I convinced myself to enjoy the stylish furnishings and my fashionable outfits. I told myself that one day I would either return to Nesvicz and take up where I’d left off or I’d meet a good man, my own age, who would get me out of the state of servitude I was in. But over time, instead of trying to find a way out of the Party, I just dug myself in deeper. By forgetting the rules of my upbringing in Nesvicz, or by dismissing the true nature of my work, I convinced myself that I was doing the right thing for the Party. I was sewing the seeds of revolution. It helped that I was constantly praised and coddled. I became a big macher, a big deal, in the tightly-knit inner circle of the Party, the ones who knew what my job entailed and who communicated my discoveries to Moscow. Before long, I was allowed to leave the coat factory and concentrate on my duties for the Party.
During the third summer in my apartment, I board
ed the trolley to Sunnyside beach whenever the weather permitted. My days were free. I worked for the Party during the night. It was safe shallow water in Lake Ontario, but not for Jews. On the beach a sign declared, “No dogs or Jews,” but I went into the water anyway. I swam out until the bathers on the shore became black stick figures outlined against the sun.
No one ever again could accuse me of being a timid, uncouth greenhorn. As I floated out atop the lake water, I thought of myself as a rebel and a trailblazer. I reminded myself how fearless and committed I’d become in Toronto and how I was willing to grab at any chance to make a better world. For the first time I started to wonder what could happen to me if I was exposed, if I was betrayed to the authorities. I realized, as young as I was, I could be deported for collecting secrets for the Communist Party. I pushed the notion to the back of mind and left it in the dark for years to come until I was forced to face the truth.

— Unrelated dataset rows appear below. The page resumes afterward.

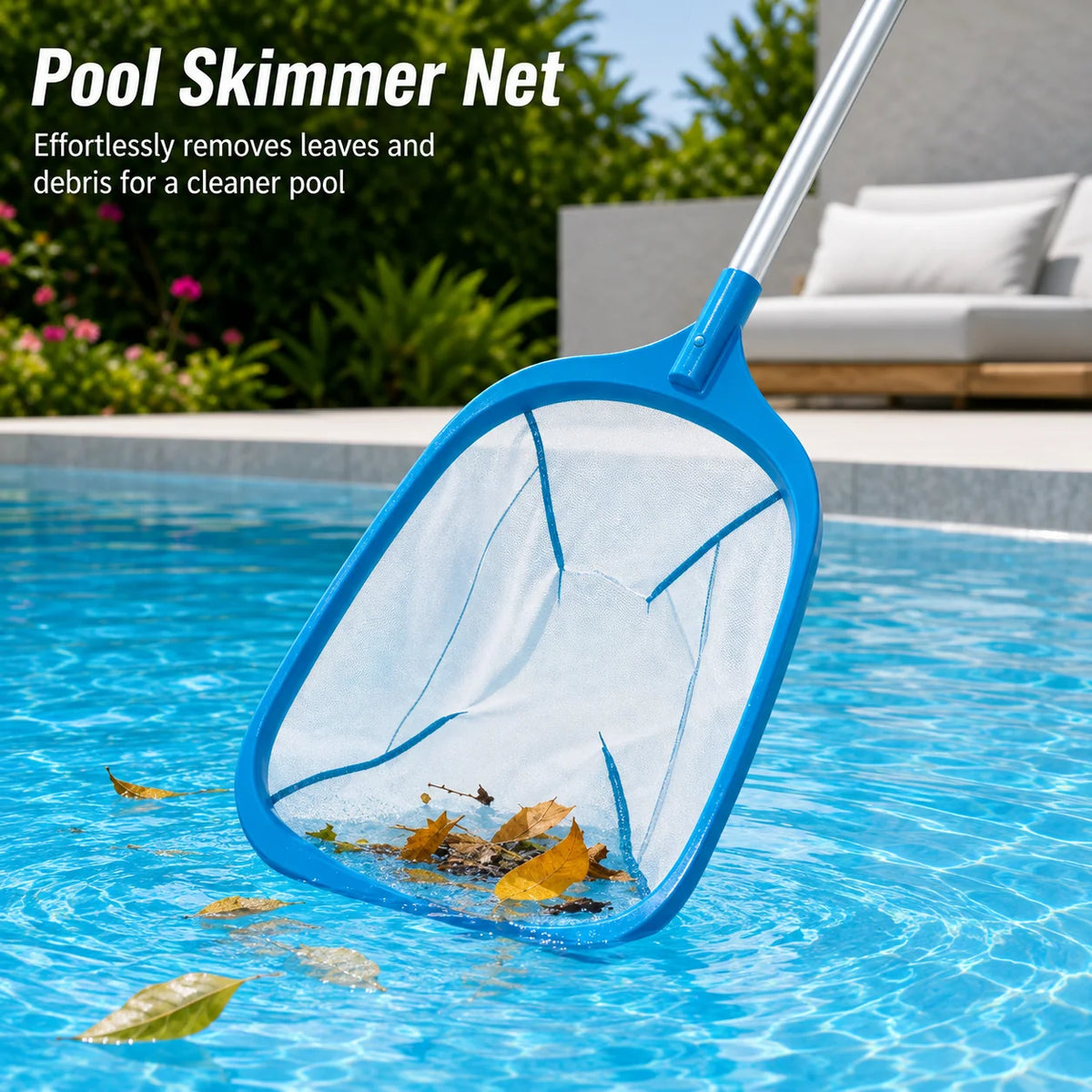 Pool Skimmer Net Fine Mesh Deep Net Aluminum Pole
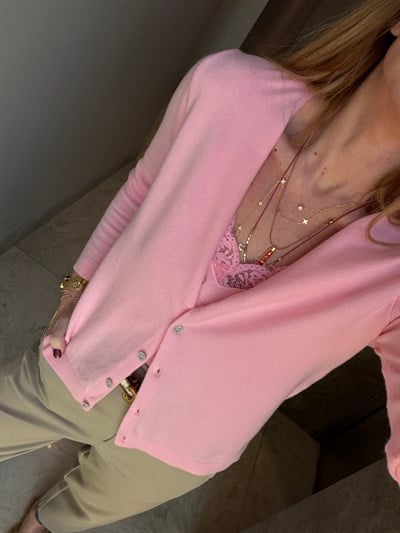 Dantel Bluzlu , Pembe Merserize Takım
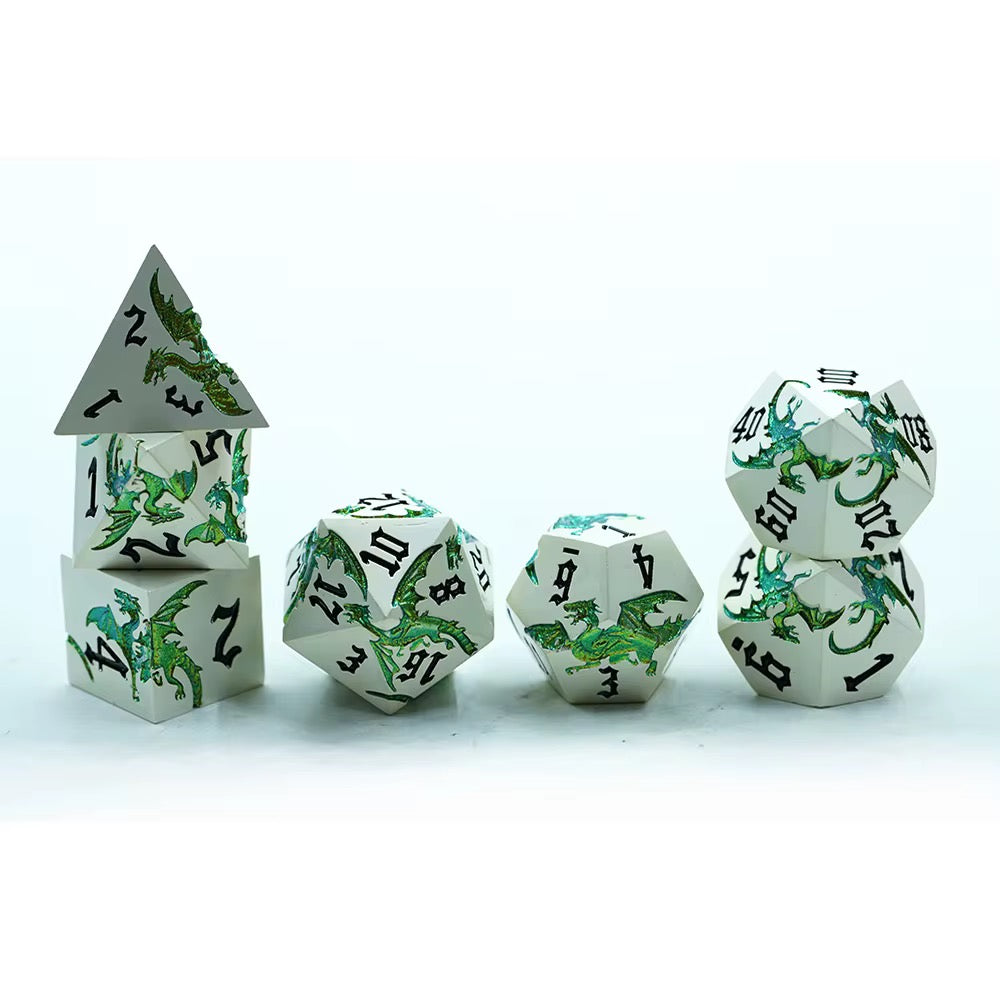 IceForge Dice Canada - Verdant Fang Drakon – Metal Dice Set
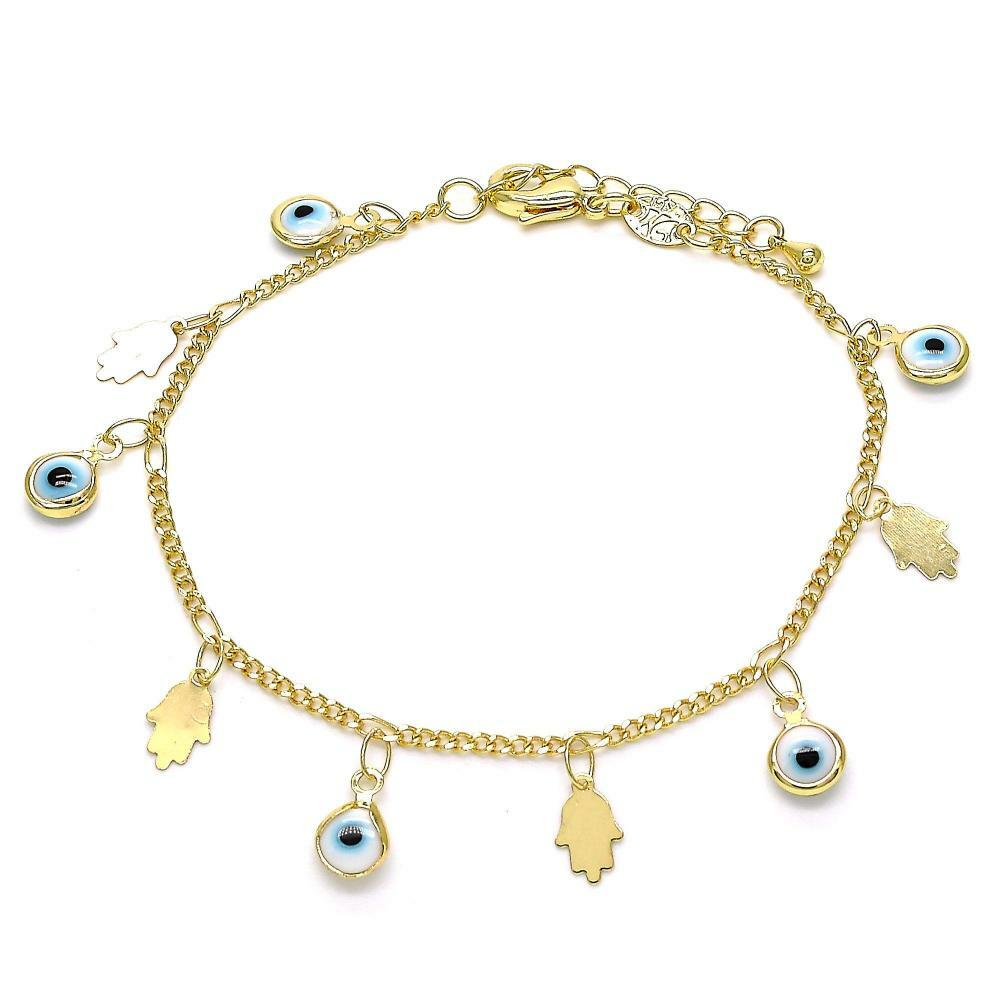 14K GOLD PLATED 7.5"+1" CHARM BRACELET WITH 9 EVIL EYES AND HAMSAS DANGLING M354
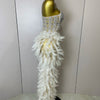 Stock 2025 Women Sexy Sparkly Rhinestone Mesh Feather Long Dress Elegant Evening Party Celebrate Birthday Performance Costume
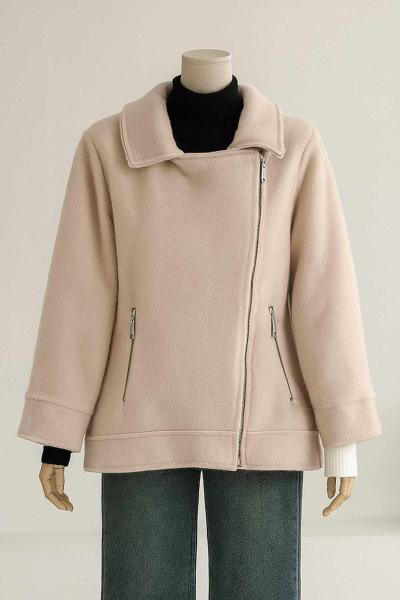 Yan Fermuarlı Çift Cepli Kaşe Mont Taş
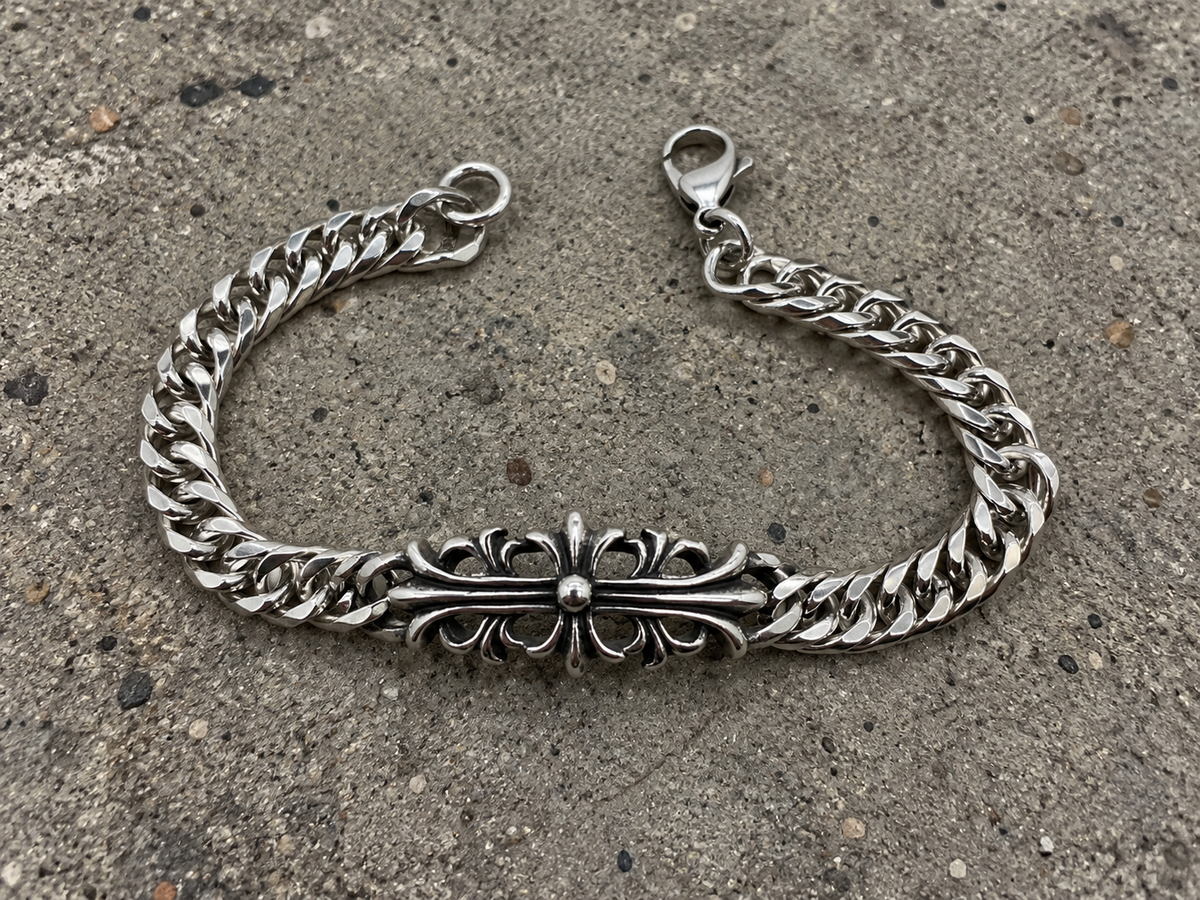 Silver Ornate Cross Bracelet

On a steaming hot day in July, Vine accompanied me to the beach. He wore bathing trunks, but he’d never learned to swim and wouldn’t venture into the water past his ankles. Instead he sat on a blanket under an umbrella to ensure his pink freckled skin didn’t burn while mine turned nut-brown.

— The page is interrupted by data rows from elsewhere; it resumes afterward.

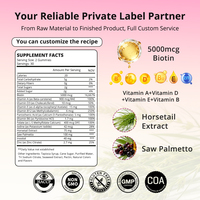 OEM ODM 13 en 1 Gummies pour la vitalité et les soins capillaires des adultes, extrait d'encensier, palmier nain, vitamines pour la croissance des cheveux, complément alimentaire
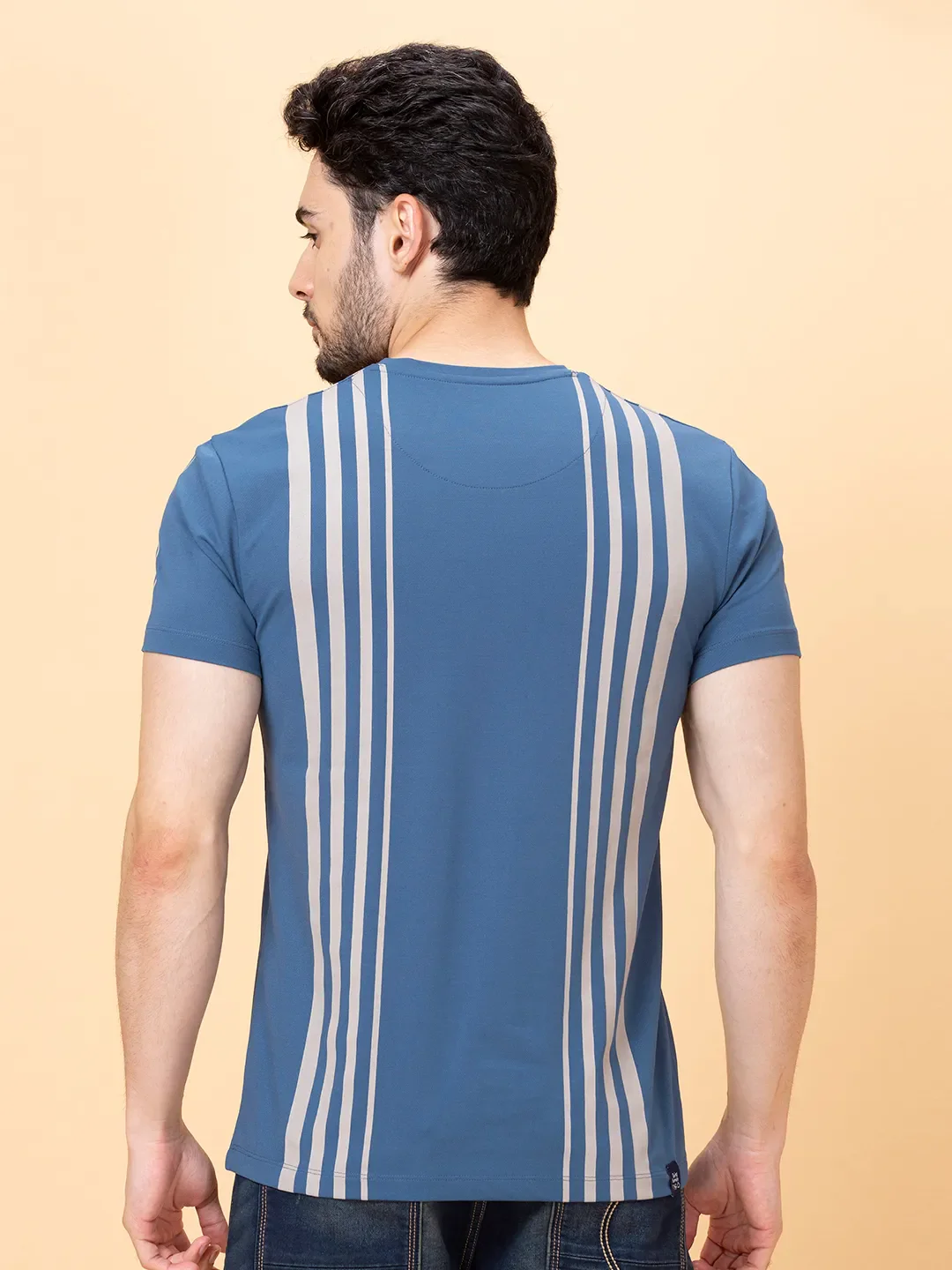 Navy Regular Fit Round Neck Men's T-Shirt by Being Human Clothing - Image 3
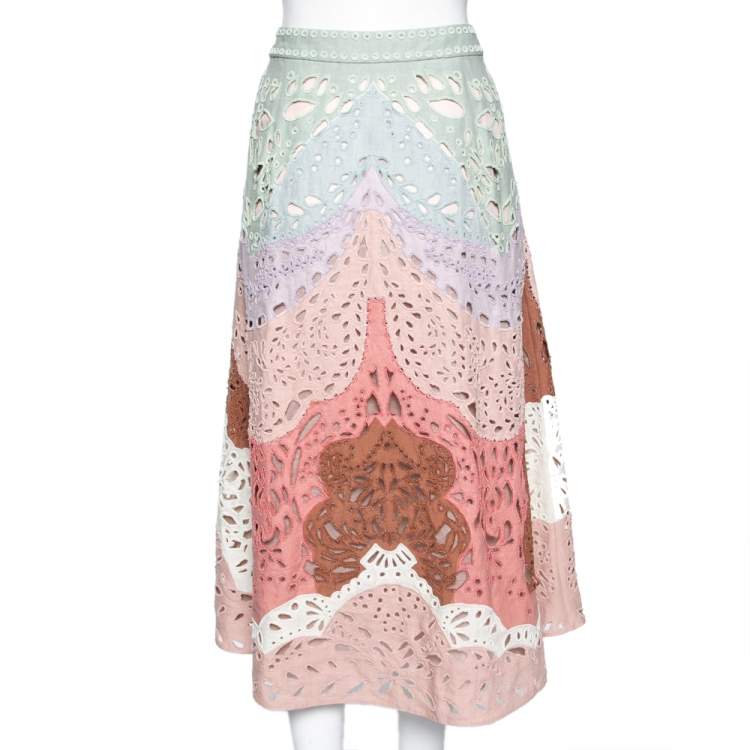 Pre Owned Valentino Multicolor Linen Laser Cut Beaded Embellished Skirt M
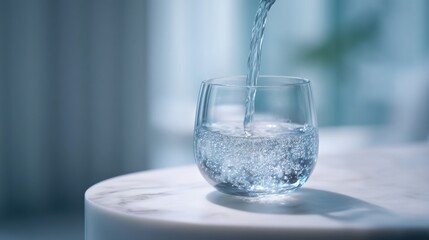 Fresh water being poured into a clear glass, surrounded by soft natural light, creating a refreshing atmosphere.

He was watching me, so I swam out devilishly far, testing fate. A big wave pulled me under the current until it pushed me back against the rocky shore. My legs and arms were scratched when I emerged.
“Why don’t you sit by me?” he asked as I was moving my own blanket away from him. “You’re dripping in blood.”

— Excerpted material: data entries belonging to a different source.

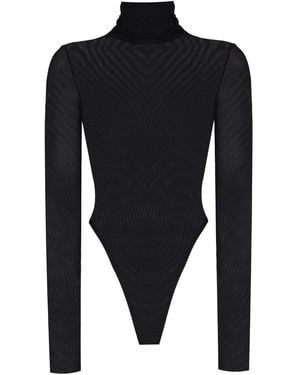 No'design Sheer Turtleneck Bodysuit - Black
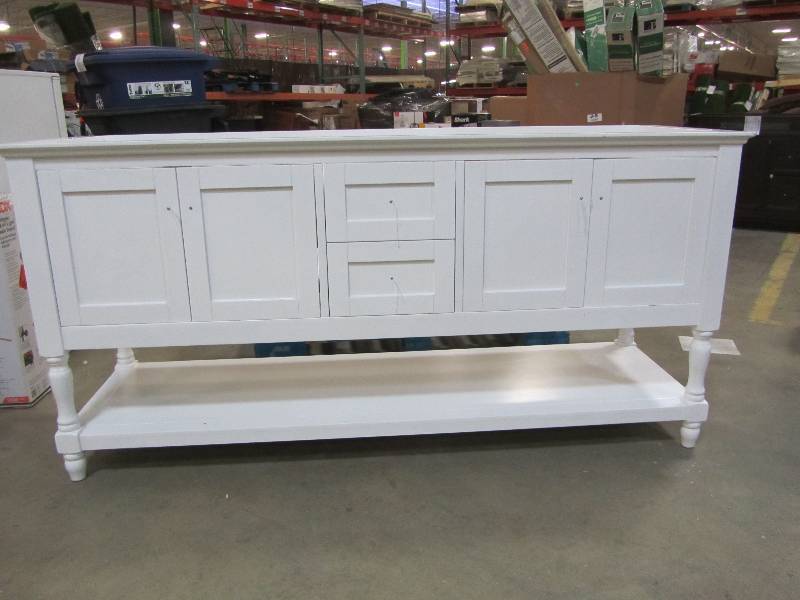 lot 62 image: Virtu USA Julianna 72 in. W x 22 in. D Double Vanity in White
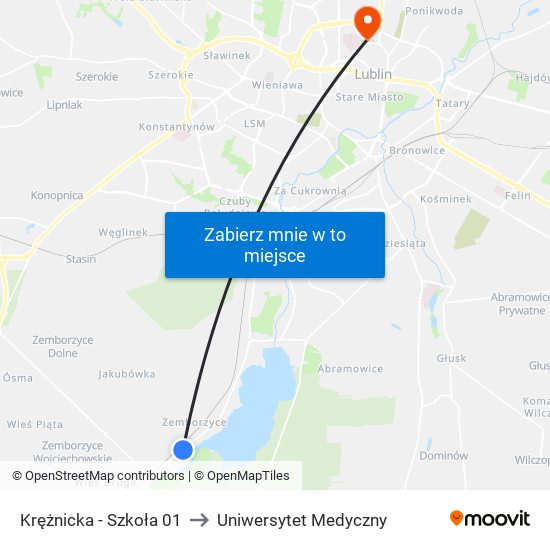 Krężnicka - Szkoła 01 to Uniwersytet Medyczny map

“I don’t want to sit in the shade,” I replied. “Why don’t you try to wade in? Don’t be a chicken!” I’d heard the older boys swimming in the lake, calling out to the smaller ones, the ones afraid to venture out. They called them chickens and mama’s boys.
I closed my eyes to lie flat on my blanket after brushing off the sand and wiping the blood from my arms and legs. But Vine tricked me; he didn’t appreciate it when I called him a chicken so he snuck up beside me and kicked sand on my face. Bits of it landed in my mouth and nostrils. For a brief moment I couldn’t breathe. Then I grabbed the pail from the little girl playing next to me and dumped lake water on Vine’s head. He sputtered like a drowning cat.